Link was down, but Google has a cached version.
Interesting, that the man which you (and I, to be clear) extoll, for his courageous witness to Christ in the face of violent Muslims, is a Captic Orthodox priest who, as such, holds to many views (on justification, Mary, and other issues) which, you would say, put him outside the camp(s) of those who supposedly preach the "true, Biblical Gospel."
*Coptic* Orthodox priest, that is!
Christopher,I realize that as a newbie convert you think everything that's new to you is new to everyone else. Try not to flaunt what a greenhorn you are.I cut Coptic Christians some slack, given their socialization, and what they're up against.You don't enjoy the same mitigating factors.

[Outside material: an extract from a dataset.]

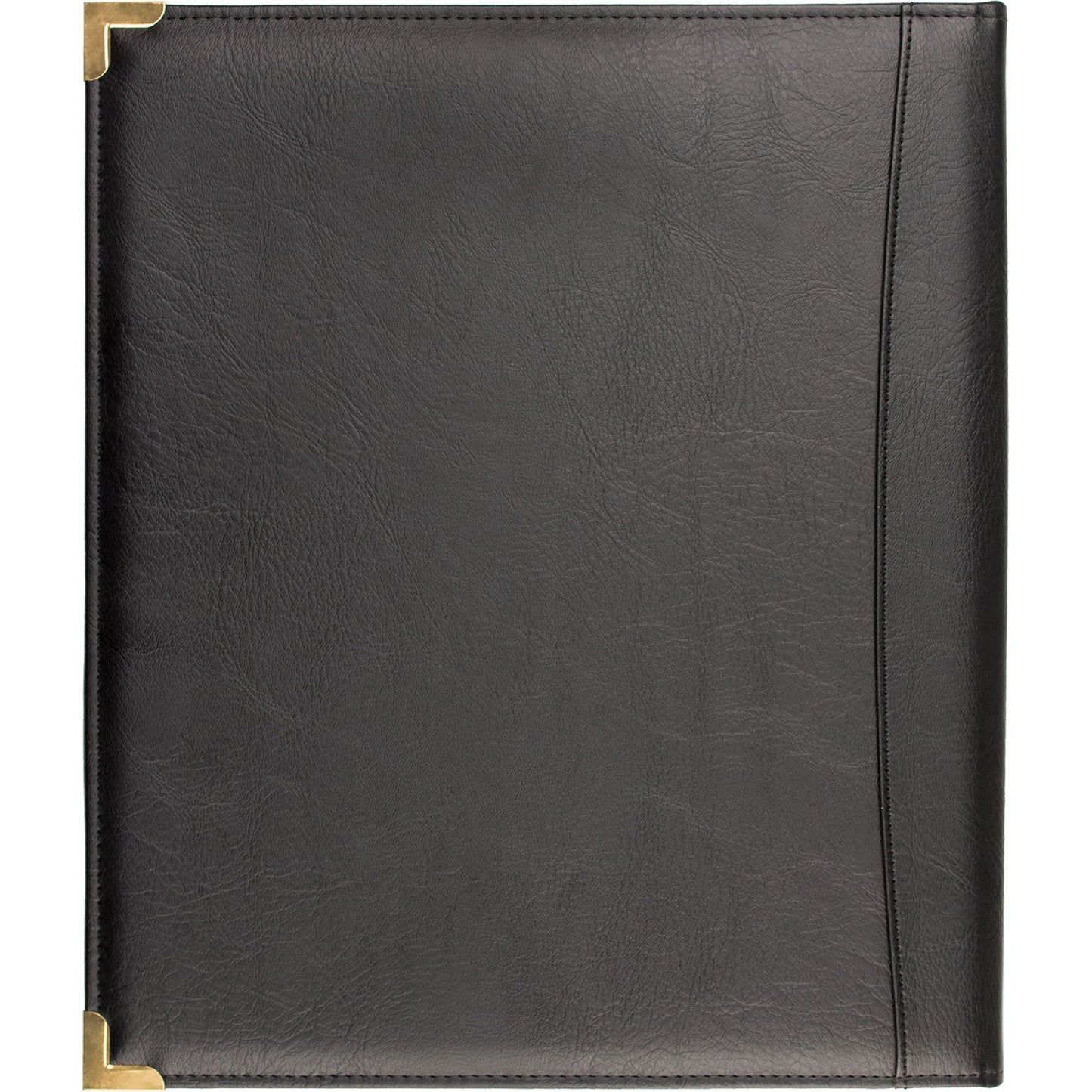 Protec Leatherette Deluxed Padded Sheet Music Folder with Brass Corners, Model F2BK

Steve:I'm not a "newbie convert." If you read my past comments carefully, on numerous different threads here now at Triablogue, you will see that I've stated, more than once, that I *returned* to the Catholic Church last year, after years as a committed "Reformed Baptist." Someone who was baptized in the Catholic Church is not a "newbie convert," upon returning to her-- and I've been back for almost a year npw, seeing the Biblical truth and coherency of Catholic teaching, and the often radical, often ahistorical, subjectivism of contemporary Protestantism (Reformed and Arminian) more and more clearly.I'm not so sure that as a Coptic Orthodox priest (who is part of a theological legacy much closer to apostolic Christianity than Reformed Protestantism), the brave Father here would either want or recognize the "slack" that you, thinking yourself to be charitable (just like me, when I was a Calvinist!), grant him.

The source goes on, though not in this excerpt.